Optimization must always be based on freshly-collected metrics, should go roughly in this order (with the order slightly adjusted based on your particular applications and databases and the issues you have previously experienced), and should be done one at a time with fresh metrics collected between each:

  • remove indexes no longer deemed necessary
  • add indexes newly deemed necessary
  • simplify views where possible
  • optimize queries, especially to reduce scans
  • reduce application mis-use of the database (unnecessary and repeated queries are a common culprit)
  • add/change application-tier caching of database information
  • materialize/index views where appropriate
  • optimize stored procedures
  • create generated search/reporting tables
  • investigate fundamental issues with the design of the database schema (data types, relations, etc.) but not from a hey, let’s denormalize perspective.

You’ll notice that denormalizing your fundamental schema isn’t even on the list. It is too tempting and dangerous to put it there. True, it may be a last resort if all of the above fail, but if all of the above fail you are almost surely having the kind of problem that everyone would love to have: your application is going gang-busters, and you can afford to throw more hardware at your current model (start with increasing spindle count first by getting transaction logs onto their own spindle(s) and then by getting indexes onto their own spindle(s)) and if that still isn’t enough then you are are into Google/Amazon/etc. territory and can get some doctorate types to start designing their own persistence model for you.

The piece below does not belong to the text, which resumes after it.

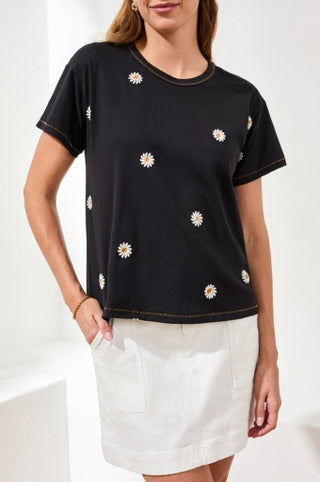 S/S TOP W/EMB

They’ll probably cook up something decidedly non-relational, and with much denormalization. :wink: But if so, then why not just up and denormalize? Simple: The other possibilities need to be exhausted first, through repeated execution of the above list of steps, until you can be certain that violating the correctness guarantees of your relational database through denormalization is worth it.

Interesting blog post on denormalization patterns:

http://database-programmer.blogspot.com/2008/04/denormalization-patterns.html

One more benefit of normalization - variable number of fields. For example, if you denormalize the phone number field, how many phone numbers do you pick? 5? 6? Picking too few is very limiting and picking too many is a waste. In 1990, who would have guessed that a person could have 10 phone numbers associated with them? Home Phone 1, Home Phone 2, Cell Phone, Fax, Cottage, Winter Home, etc. Normalization solves this problem.

God bless ya, Jeff. As with everything in software development, a bit of critical thinking about why something is done and when tends to go a long way…

There is a simple alternative to denormalisation here – to ensure that the values for a particular user_id are physically clustered. In Oracle you would create a hash cluster and then create the five tables that include user_id in that cluster. Performance for that join wuld be excellent. I expect that other RDBMS’s have similar structures.

The morals of the tale:

i) know your RDBMS
ii) database-agnostic design sucks.